Retype exactly the lines that run from the start of the data to the line holding "bathroom featuring tile", including both, and only those.

** Opening INPUT block **

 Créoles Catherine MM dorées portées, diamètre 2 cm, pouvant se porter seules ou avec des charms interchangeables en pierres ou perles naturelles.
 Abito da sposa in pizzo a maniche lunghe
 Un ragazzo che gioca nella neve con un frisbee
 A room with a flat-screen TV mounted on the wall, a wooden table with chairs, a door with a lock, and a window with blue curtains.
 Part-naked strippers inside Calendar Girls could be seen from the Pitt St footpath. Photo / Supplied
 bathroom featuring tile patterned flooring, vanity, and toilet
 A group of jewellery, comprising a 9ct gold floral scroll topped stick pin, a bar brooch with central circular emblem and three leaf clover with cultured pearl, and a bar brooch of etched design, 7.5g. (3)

** Closing INPUT block **

- _OUTPUT BELOW_
 Créoles Catherine MM dorées portées, diamètre 2 cm, pouvant se porter seules ou avec des charms interchangeables en pierres ou perles naturelles.
 Abito da sposa in pizzo a maniche lunghe
 Un ragazzo che gioca nella neve con un frisbee
 A room with a flat-screen TV mounted on the wall, a wooden table with chairs, a door with a lock, and a window with blue curtains.
 Part-naked strippers inside Calendar Girls could be seen from the Pitt St footpath. Photo / Supplied
 bathroom featuring tile patterned flooring, vanity, and toilet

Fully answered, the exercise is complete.